Comment un analyste choisit ses titres de consommation

Dominique Beauchamp|Publié le 19 avril 2021

Comment un analyste choisit ses titres de consommation

(Photo: ATOMS pour Unsplash)

Pendant que les sommets boursiers, la fièvre crypto et le yoyo des taux obligataires attirent toute l’attention des investisseurs, le secteur canadien de la consommation fait moins parler de lui.

Il compte pourtant des entreprises de grande qualité fort rentables qui se distinguent par leur croissance et leur répartition du capital.

Chris Li, de Desjardins Marché des capitaux, profite de la remontée de 14% des épiciers depuis la fin de février, des prochains résultats de Metro (MRU, 58,87$) et de Vêtements de sports Gildan (GIL, 41,27$) et du récent rebond des titres de Saputo (SAP, 39,63$) et de Dollarama (DOL, 57,63$) pour faire le point sur les neuf entreprises du secteur de la consommation de base et discrétionnaire dont il assure le suivi.

Depuis le début de l’année, la moitié des titres de consommation ont surpassé le gain de 10% du S&P/TSX (Source: Desjardins Marché des capitaux)

Cette mise à jour ouvre une fenêtre sur le raisonnement des analystes qui ont à choisir les poulains préférés de leur écurie.

Chris Li propose toujours d’acheter Alimentation Couche-Tard (ATD.B, 41,47$), Canadian Tire (CTC.A, 194,39$), Empire (EMP.A, 39,59$), Gildan et George Weston (WN, 113$).
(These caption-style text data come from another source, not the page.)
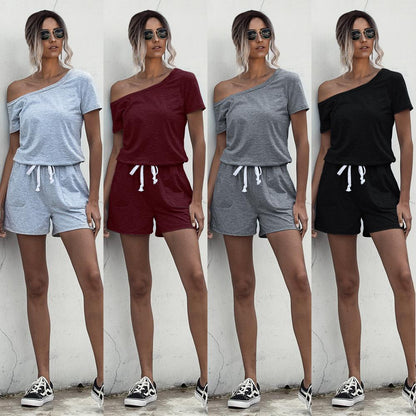 Diagonal Shoulder Short Sleeve Jumpsuit Rompers With Pocket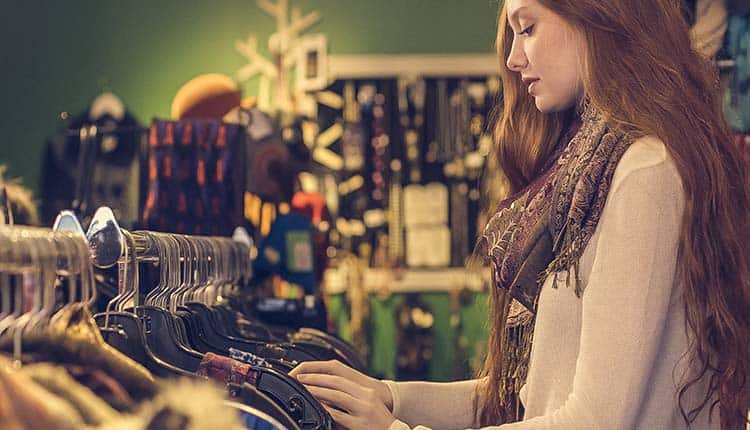 Girl checking clothes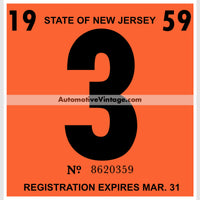 Vintage 1959 New Jersey Windshield Inspection Sticker 3 - March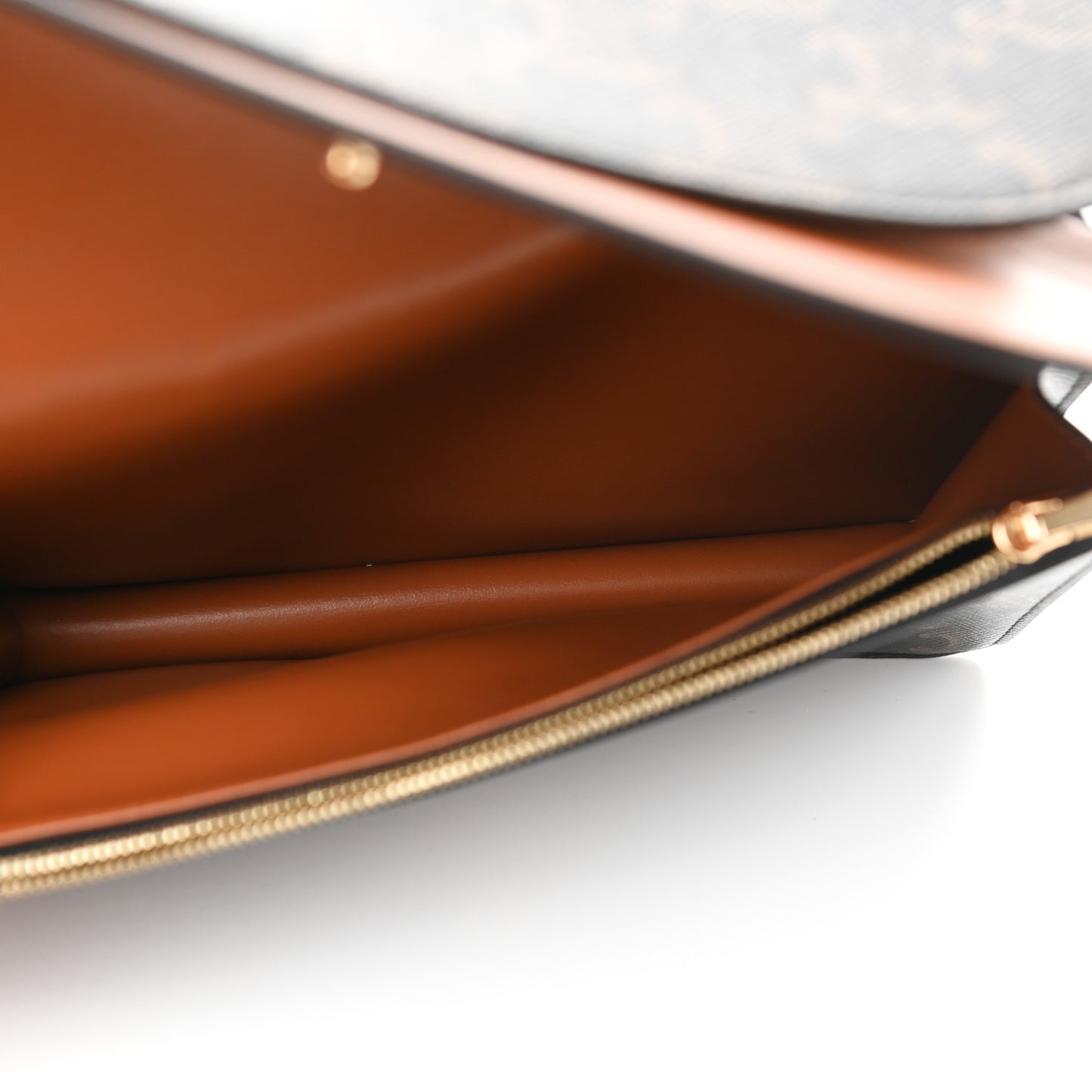 Triomphe Canvas Lambskin Wallet On Strap Tan
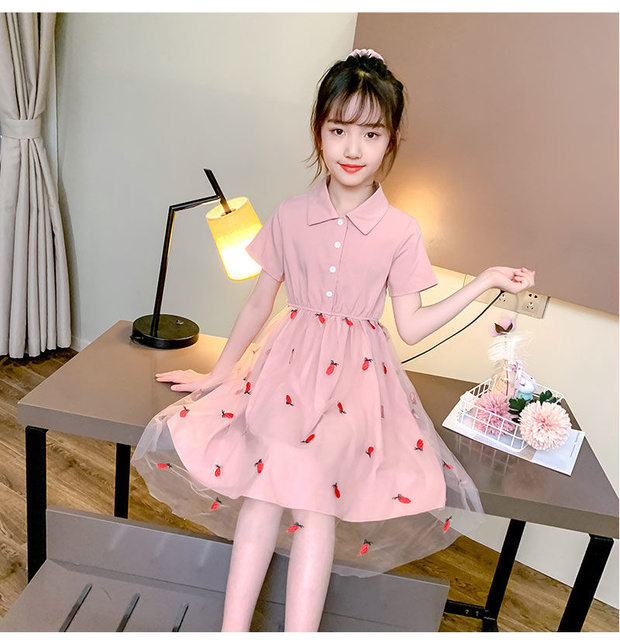 Letnia sukienka dla dziewczynek - koreańska moda z truskawkowym wzorem - Wianko - 9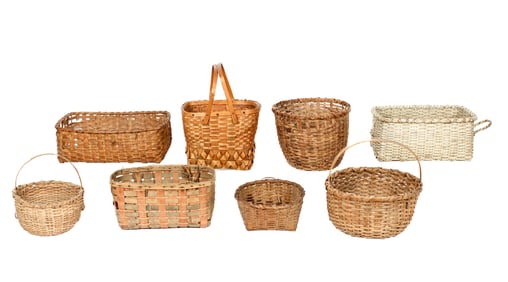 Eight American Splint Woven Baskets
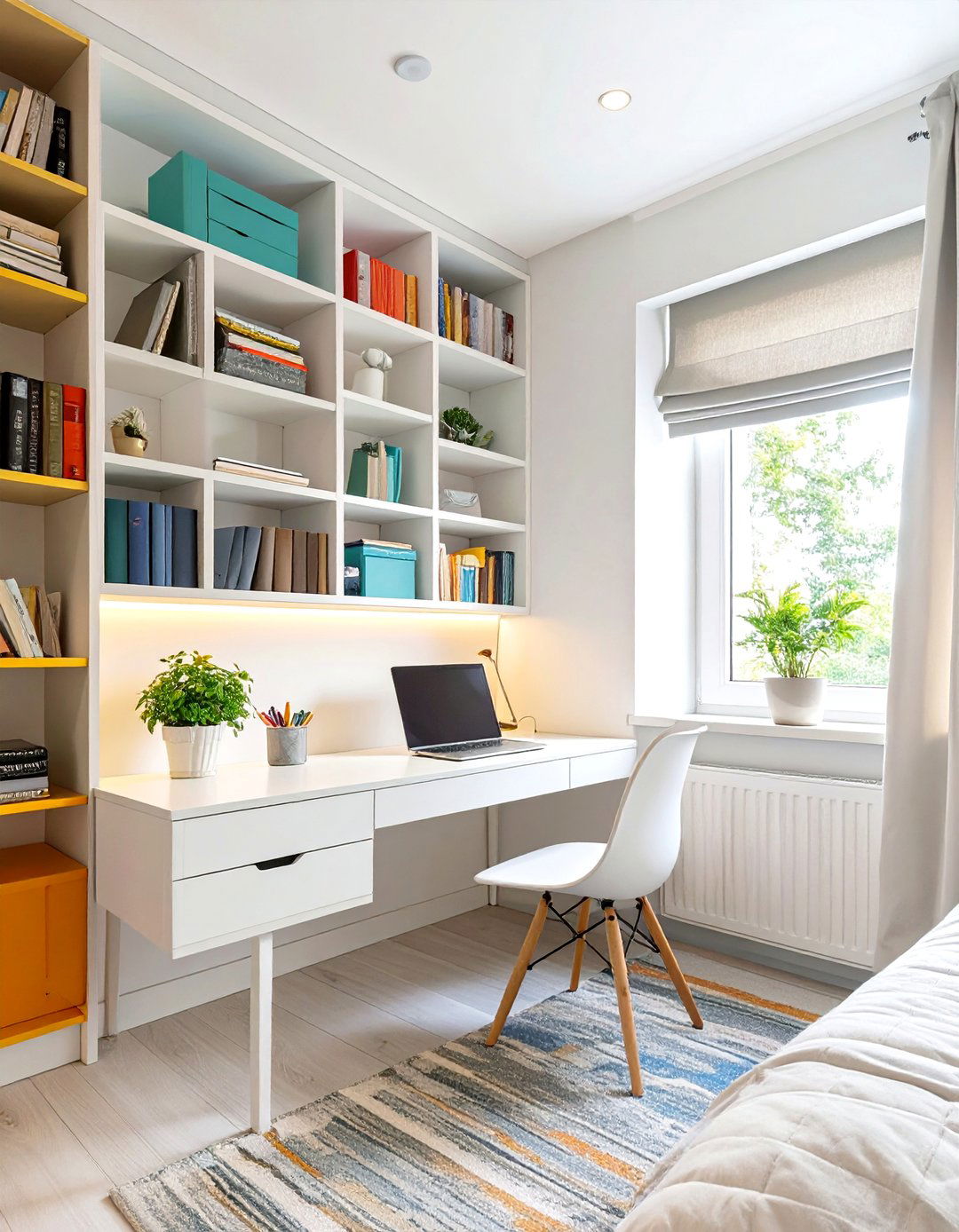 Firefly Create a high quality image with extra brightness of a white desk positioned perp - 30 small bedroom bedroom office ideas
Il hausse aussi ses cours cibles pour Loblaw (L, 69,33$), Saputo et Weston.

En revanche, l’analyste ne recommande pas les titres de Dollarama, Metro, Loblaw et Saputo, au cours actuel.

 

Weston et Empire préférés à Metro et Loblaw

L’analyste attribue le récent sursaut des épiciers aux nouvelles restrictions sanitaires imposées par la recrudescence de la pandémie. Les bons résultats du propriétaire de Sobeys et d’IGA, Empire, au troisième trimestre et le retour de Galen Weston à la tête de Loblaw ont aussi joué en leur faveur.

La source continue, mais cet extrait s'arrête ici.